Esta bancarrota fue potenciada por la corrupción, el despilfarro y la inoperancia de la
Administración de Hacienda, que llegó en ocasiones a gastar en la propia recaudación más que
el dinero recaudado. A ello hay que unir la venta de los territorios de realengo a la nobleza
para
obtener ingresos extraordinarios pero con el efecto de reducir los ingresos ordinarios
procedentes de esas tierras. Si a ello unimos que otra de las soluciones para obtener recursos
era la venta de cargos en los municipios y en las Cortes, con la consecuencia de que esos
cargos eran ejercidos con una mentalidad depredadora por sus propietarios, se completa el
cuadro de inoperancia y bloqueo de toda la Administración del Estado.
La Administración no sabe y no quiere tomar las medidas que pudieran modernizar la
economía o resolver problemas financieros, sociales y económicos, pues solo le interesaba la
recaudación a corto plazo, y sin lesionar los intereses de los poderosos. Las subidas de
impuestos no hacen más que agotar al contribuyente. Las bancarrotas sucesivas (suspensión
de pagos por el Estado) llevan a los banqueros europeos a dejar de prestar dinero a la Corona.
El recurso final va a ser la emisión descontrolada de moneda de baja calidad (el vellón de
cobre), que nadie valora y que ocasiona una elevada inflación que vuelve a agravar las
dificultades de la población y del Estado. Las bancarrotas financieras del Estado y su completo
endeudamiento llevarán al colapso financiero y económico cuyo punto más duro se alcanza
hacia 1685. Determinados economistas como Martín de Azpilicueta o Tomás de Mercado (los
arbitristas), intentaban dar con las claves para evitar esa decadencia, reduciendo gastos y
aplicando políticas mercantilistas de desarrollo de la economía nacional y control del flujo de
metales preciosos en su beneficio.
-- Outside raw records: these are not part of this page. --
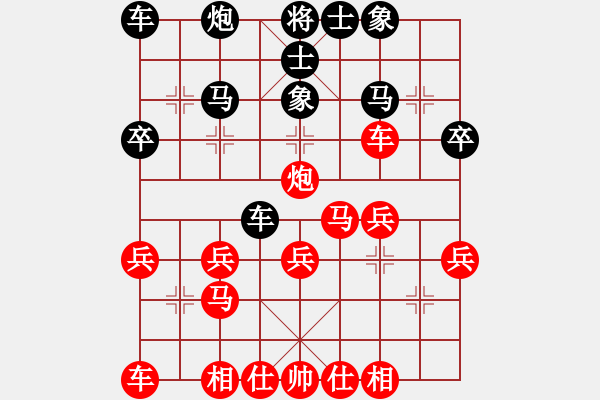 象棋棋譜圖片：順炮直車對(duì)橫車黑進(jìn)3卒退中炮（黑勝） - 步數(shù)：30 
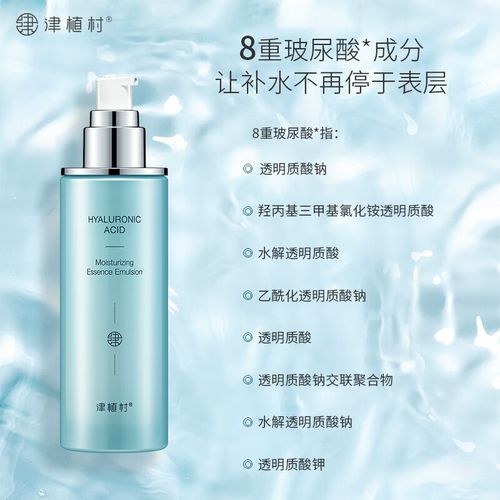 美津植秀护肤品到底好用吗？-图1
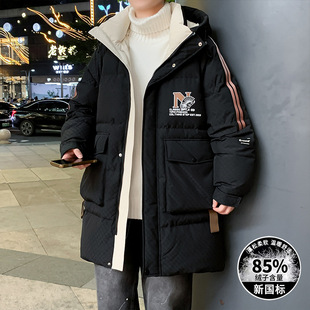 品牌断码青少年冬季韩版羽绒服男潮流痞帅高初中学生男孩休闲百搭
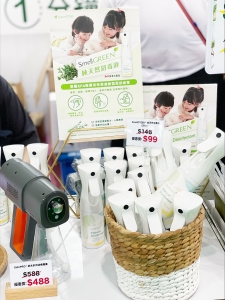 Johnson Group Baby Expo Special Discount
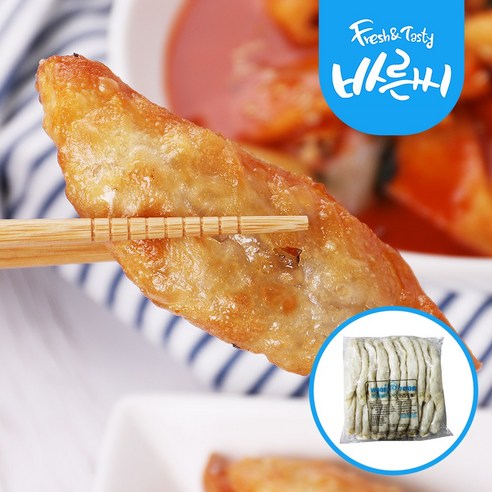 (당일생산) 바른씨 당면만두 대 20개 720g X 2팩, 720g, 2개 - 손만두 | 쿠팡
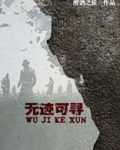 无迹可寻是成语吗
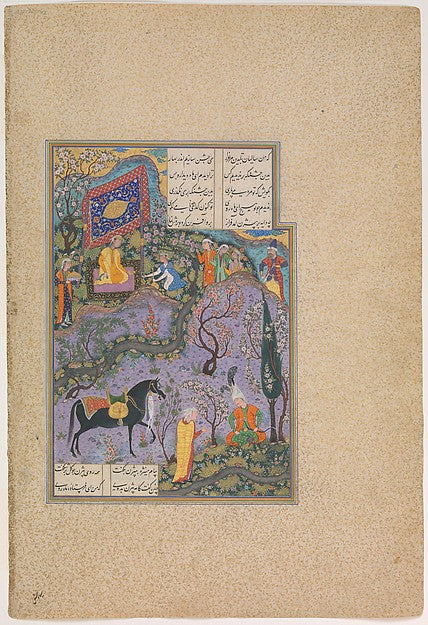 Painting attributed to 'Abd al-Vahhab assisted by Mir Musavv-16x12"(A3) Poster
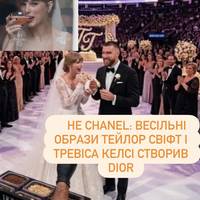 Не Chanel: весільні образи Тейлор Свіфт і Тревіса Келсі створив Dior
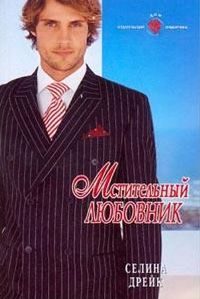 Обложка книги «Мстительный любовник»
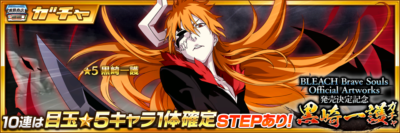 BLEACH Brave Souls Official Artworks発売決定記念 黒崎一護ガチャ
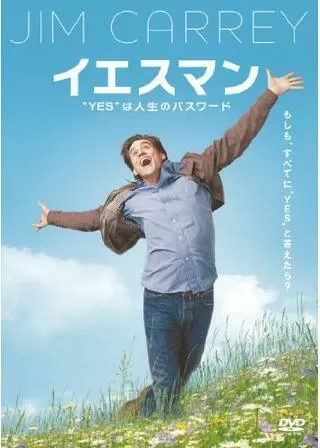 イエスマン “YES”は人生のパスワードのポスター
Influyeron en el ambiente en época de Olivares, pero la
dinámica de guerras se reanudó e hizo inútil todo esfuerzo
La sociedad del siglo XVII se corresponde con una sociedad en graves dificultades. Una
sociedad muy polarizada, con un grupo muy reducido (la alta aristocracia y los altos cargos
públicos) que disponen de los recursos y mantienen una vida ociosa, y una inmensa mayoría de
población empobrecida (campesinos, artesanos, pordioseros…). Pocos viven decorosamente de
su trabajo. Por ello, el modelo social al que todos aspiran es el de vivir de las rentas, como los
nobles, sin trabajar. El trabajo manual no tiene prestigio social, y se genera una sociedad de
nobles, hidalgos y pícaros, con un sentimiento del honor exagerado hasta el ridículo. Se
minusvaloran los trabajos productivos (campesinos, artesanos, comerciantes). Esta
mentalidad social es otro factor de la decadencia española del siglo.
Esta situación configura la España del Barroco, tan brillante en las artes que se ha dado
en llamar el “Siglo de Oro” español: la literatura (Cervantes, Lope, Quevedo, Calderón) y las
artes (sobre todo en escultura y pintura-el Greco, Velázquez, Ribera, Zurbarán, Murillo…), son,
no obstante su brillantez, fiel reflejo de la decadencia social, económica y política española.
En Castilla-La Mancha, la decadencia fue igual o superior. Es parte de Castilla (donde la
crisis es más profunda) y se sitúa en el interior peninsular, donde la crisis se sufre más y no se
produce, desde 1685, la recuperación que sí nota la periferia española y que se incrementará en
el siglo XVIII. Toledo pasa en el s. XVII de 60.000 a 20.000 habitantes.